The task: Would you copy exactly the lines in the data below from the one that has "৯০ বছরেও কনসার্ট" through the one that has "POINT BREEZE - Residential Lease", dropping any pictures?

Supplied data:
----------------------------------------

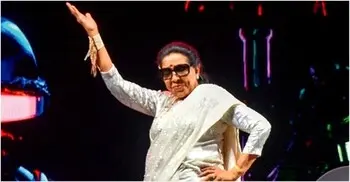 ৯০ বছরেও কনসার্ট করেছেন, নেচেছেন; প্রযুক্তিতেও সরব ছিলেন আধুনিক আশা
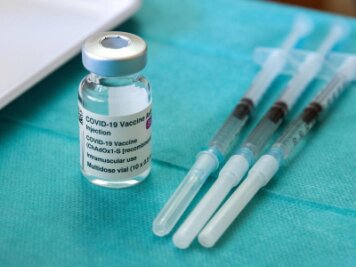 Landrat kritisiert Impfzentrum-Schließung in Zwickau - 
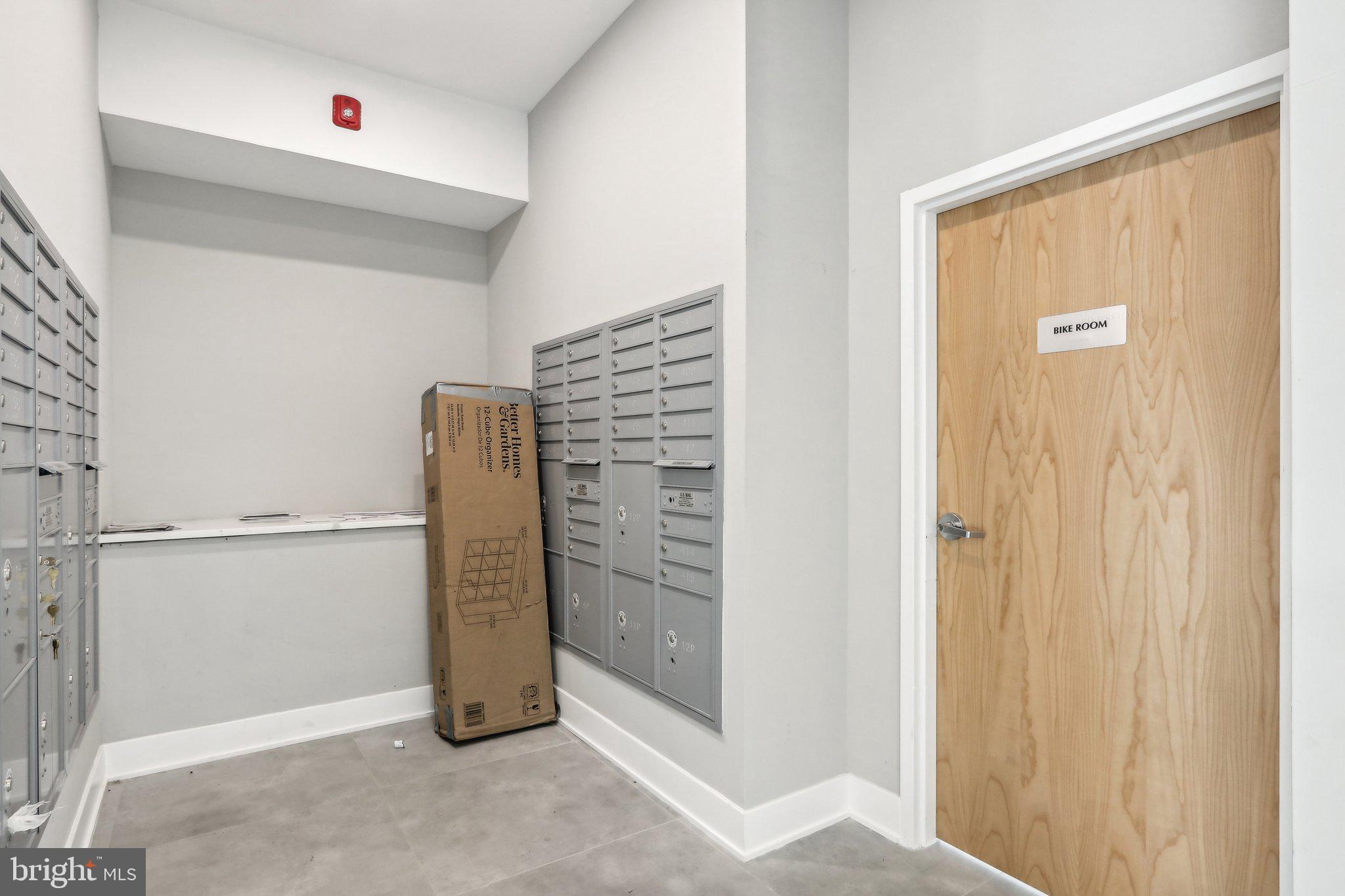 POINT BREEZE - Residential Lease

----------------------------------------

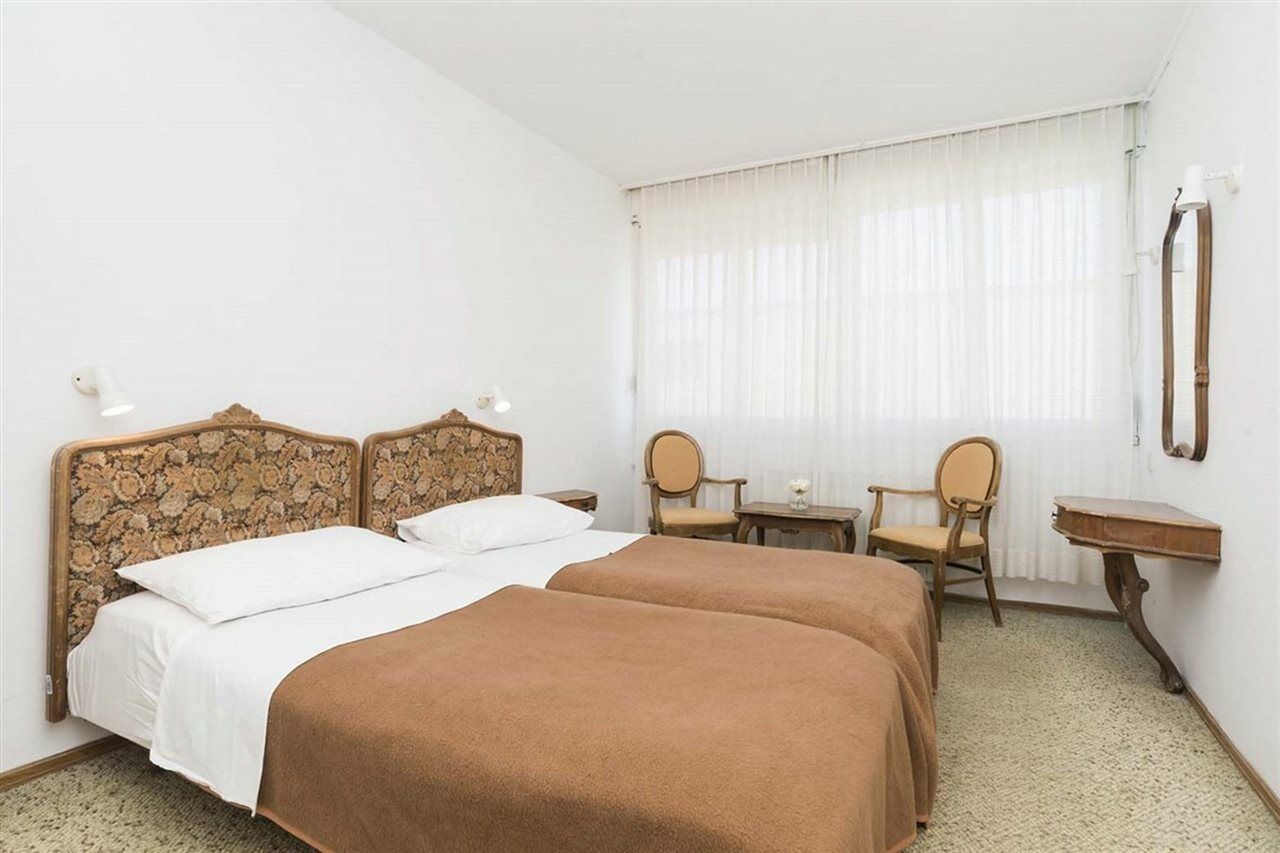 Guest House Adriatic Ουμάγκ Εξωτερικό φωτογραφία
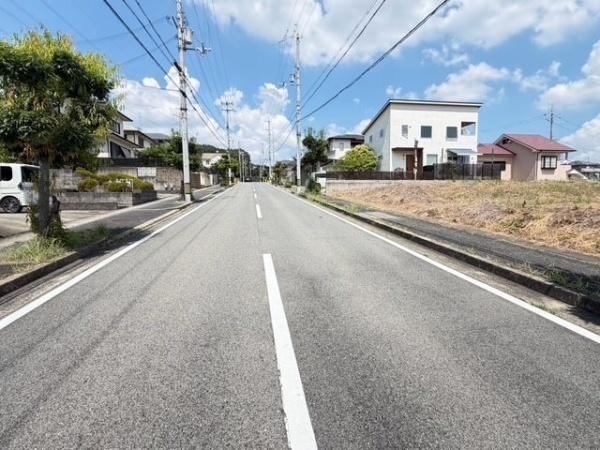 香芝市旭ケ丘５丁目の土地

----------------------------------------

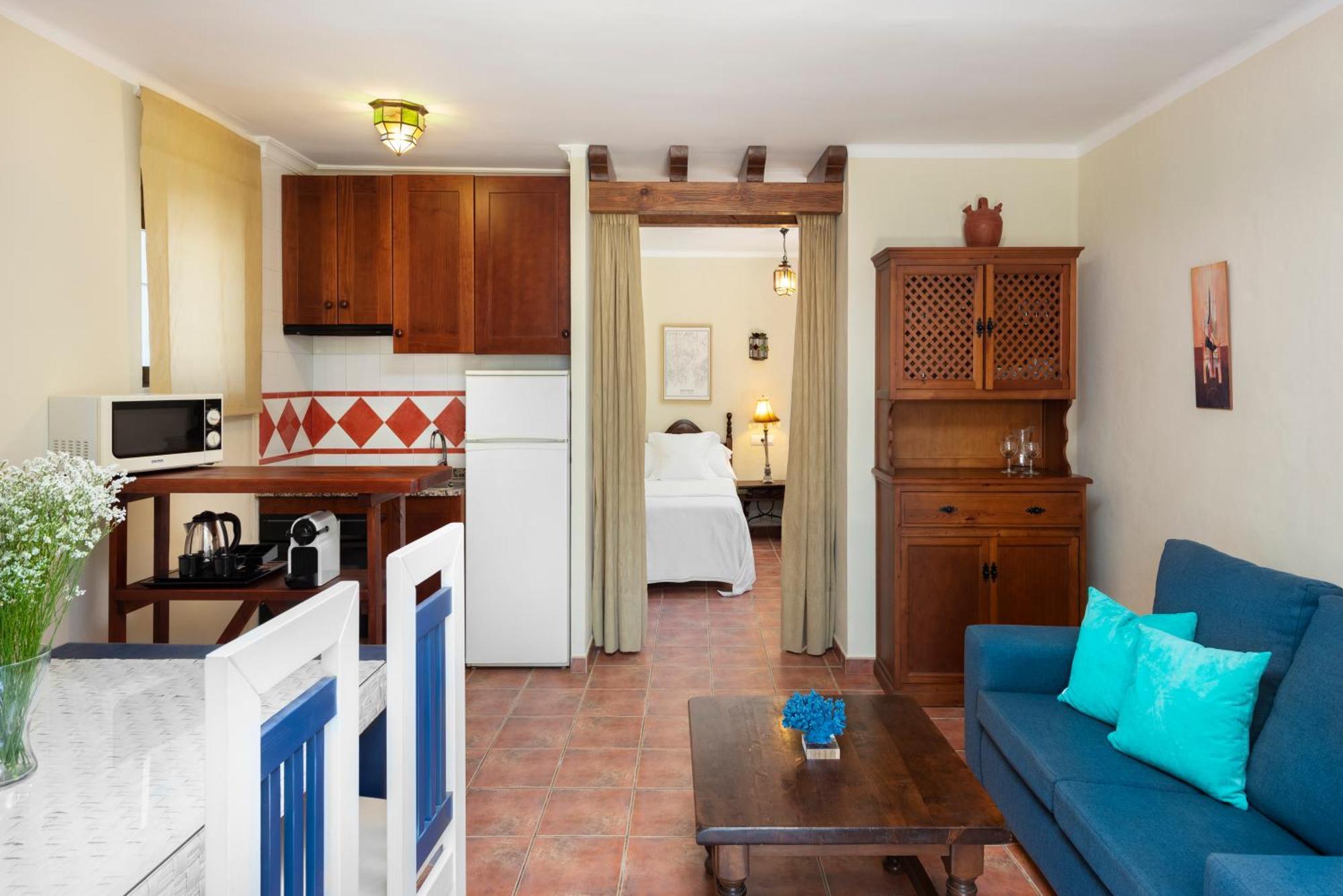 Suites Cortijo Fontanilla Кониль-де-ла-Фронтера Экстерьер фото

----------------------------------------

Exercise answer:
 ৯০ বছরেও কনসার্ট করেছেন, নেচেছেন; প্রযুক্তিতেও সরব ছিলেন আধুনিক আশা
 Landrat kritisiert Impfzentrum-Schließung in Zwickau - 
 POINT BREEZE - Residential Lease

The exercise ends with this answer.